- **Problem requirements**
Everything from the line containing "Tommy Hilfiger långarmad tröja" through the last line of the material below is to be copied exactly, ends included.

-------------------------

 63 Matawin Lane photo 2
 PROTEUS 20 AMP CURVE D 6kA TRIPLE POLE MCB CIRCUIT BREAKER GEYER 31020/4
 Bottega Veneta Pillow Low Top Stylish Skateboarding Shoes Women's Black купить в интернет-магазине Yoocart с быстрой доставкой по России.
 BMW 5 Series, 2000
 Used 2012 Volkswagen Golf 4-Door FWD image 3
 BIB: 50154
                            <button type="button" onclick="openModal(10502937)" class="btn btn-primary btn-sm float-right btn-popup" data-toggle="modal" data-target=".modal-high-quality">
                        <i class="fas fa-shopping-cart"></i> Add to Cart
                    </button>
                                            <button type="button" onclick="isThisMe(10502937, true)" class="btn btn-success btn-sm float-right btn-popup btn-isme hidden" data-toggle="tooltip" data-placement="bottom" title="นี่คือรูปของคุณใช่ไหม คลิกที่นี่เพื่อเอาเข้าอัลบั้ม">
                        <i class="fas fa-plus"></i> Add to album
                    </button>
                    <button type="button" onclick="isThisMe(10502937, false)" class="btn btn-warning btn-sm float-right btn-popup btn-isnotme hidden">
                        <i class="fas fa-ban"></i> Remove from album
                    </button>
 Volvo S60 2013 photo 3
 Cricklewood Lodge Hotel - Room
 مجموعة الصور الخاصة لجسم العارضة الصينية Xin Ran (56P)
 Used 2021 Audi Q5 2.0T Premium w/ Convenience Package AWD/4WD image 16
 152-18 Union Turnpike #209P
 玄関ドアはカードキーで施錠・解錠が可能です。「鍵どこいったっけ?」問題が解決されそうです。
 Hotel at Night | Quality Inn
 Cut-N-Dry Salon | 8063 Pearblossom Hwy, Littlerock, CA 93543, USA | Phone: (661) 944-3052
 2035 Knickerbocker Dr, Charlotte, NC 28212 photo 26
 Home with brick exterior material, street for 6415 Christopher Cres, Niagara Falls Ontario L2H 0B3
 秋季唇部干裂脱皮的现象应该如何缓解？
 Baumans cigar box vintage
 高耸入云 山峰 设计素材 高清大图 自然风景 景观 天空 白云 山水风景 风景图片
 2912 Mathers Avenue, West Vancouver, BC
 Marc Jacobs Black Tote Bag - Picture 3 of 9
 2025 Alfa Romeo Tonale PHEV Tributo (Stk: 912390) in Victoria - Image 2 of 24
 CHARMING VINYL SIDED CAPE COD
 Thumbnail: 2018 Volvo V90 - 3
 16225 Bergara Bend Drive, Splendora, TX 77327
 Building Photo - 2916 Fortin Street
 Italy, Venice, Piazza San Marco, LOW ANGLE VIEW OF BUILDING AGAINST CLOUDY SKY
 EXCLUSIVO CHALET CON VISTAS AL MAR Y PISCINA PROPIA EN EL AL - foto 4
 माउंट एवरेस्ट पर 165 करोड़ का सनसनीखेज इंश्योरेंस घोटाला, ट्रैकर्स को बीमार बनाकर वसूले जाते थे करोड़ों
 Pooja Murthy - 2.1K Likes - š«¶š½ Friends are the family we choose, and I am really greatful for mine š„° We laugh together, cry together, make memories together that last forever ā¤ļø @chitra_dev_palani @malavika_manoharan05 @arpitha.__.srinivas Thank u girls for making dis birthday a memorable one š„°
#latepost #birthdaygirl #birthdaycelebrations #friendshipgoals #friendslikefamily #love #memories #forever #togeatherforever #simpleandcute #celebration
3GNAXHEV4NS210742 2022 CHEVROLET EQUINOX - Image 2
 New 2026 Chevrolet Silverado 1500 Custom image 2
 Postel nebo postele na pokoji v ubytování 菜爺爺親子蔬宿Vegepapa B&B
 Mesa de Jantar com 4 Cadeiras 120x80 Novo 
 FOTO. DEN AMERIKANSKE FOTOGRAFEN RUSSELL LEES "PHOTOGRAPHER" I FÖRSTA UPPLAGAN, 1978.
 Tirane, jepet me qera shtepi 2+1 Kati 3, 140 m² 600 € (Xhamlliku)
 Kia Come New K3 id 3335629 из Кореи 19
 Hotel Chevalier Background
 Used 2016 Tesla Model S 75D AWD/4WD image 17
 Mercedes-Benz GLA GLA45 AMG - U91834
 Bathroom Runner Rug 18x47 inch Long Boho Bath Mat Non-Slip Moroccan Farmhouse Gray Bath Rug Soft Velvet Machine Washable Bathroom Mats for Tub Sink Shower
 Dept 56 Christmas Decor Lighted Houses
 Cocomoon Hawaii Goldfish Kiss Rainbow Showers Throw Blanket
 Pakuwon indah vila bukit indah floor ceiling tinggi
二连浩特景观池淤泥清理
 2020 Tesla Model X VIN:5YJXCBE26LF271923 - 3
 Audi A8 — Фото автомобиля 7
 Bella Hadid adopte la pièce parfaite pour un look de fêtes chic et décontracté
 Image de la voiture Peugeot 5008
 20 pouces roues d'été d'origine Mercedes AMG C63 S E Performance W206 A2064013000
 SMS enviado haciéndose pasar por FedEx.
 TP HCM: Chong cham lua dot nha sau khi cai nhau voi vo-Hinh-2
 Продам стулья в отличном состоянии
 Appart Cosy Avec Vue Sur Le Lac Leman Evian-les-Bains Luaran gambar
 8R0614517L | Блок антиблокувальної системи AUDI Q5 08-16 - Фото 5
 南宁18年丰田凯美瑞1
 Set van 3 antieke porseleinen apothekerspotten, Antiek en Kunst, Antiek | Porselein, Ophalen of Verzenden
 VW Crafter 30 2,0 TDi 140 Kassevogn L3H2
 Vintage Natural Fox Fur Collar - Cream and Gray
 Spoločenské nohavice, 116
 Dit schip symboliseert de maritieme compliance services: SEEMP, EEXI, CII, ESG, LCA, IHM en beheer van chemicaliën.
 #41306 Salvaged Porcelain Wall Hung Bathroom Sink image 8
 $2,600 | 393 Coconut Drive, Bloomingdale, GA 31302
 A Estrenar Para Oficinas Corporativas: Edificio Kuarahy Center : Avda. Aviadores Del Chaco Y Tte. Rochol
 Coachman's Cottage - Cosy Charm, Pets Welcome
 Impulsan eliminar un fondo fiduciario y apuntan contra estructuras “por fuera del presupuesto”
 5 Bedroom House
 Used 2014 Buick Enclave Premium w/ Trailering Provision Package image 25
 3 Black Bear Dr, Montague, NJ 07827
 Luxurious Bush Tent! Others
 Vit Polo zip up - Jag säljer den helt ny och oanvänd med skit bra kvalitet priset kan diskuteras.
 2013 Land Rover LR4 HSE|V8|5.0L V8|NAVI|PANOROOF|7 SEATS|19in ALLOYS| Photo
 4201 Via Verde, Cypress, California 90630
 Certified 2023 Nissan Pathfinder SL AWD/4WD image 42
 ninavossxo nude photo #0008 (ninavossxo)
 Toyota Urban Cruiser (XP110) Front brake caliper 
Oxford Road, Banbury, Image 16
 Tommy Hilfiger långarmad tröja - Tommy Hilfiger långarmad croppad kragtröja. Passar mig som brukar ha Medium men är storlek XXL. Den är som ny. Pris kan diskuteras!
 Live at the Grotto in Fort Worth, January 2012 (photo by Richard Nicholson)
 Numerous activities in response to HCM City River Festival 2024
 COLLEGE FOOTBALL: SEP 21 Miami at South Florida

-------------------------

- **Result below**
 Tommy Hilfiger långarmad tröja - Tommy Hilfiger långarmad croppad kragtröja. Passar mig som brukar ha Medium men är storlek XXL. Den är som ny. Pris kan diskuteras!
 Live at the Grotto in Fort Worth, January 2012 (photo by Richard Nicholson)
 Numerous activities in response to HCM City River Festival 2024
 COLLEGE FOOTBALL: SEP 21 Miami at South Florida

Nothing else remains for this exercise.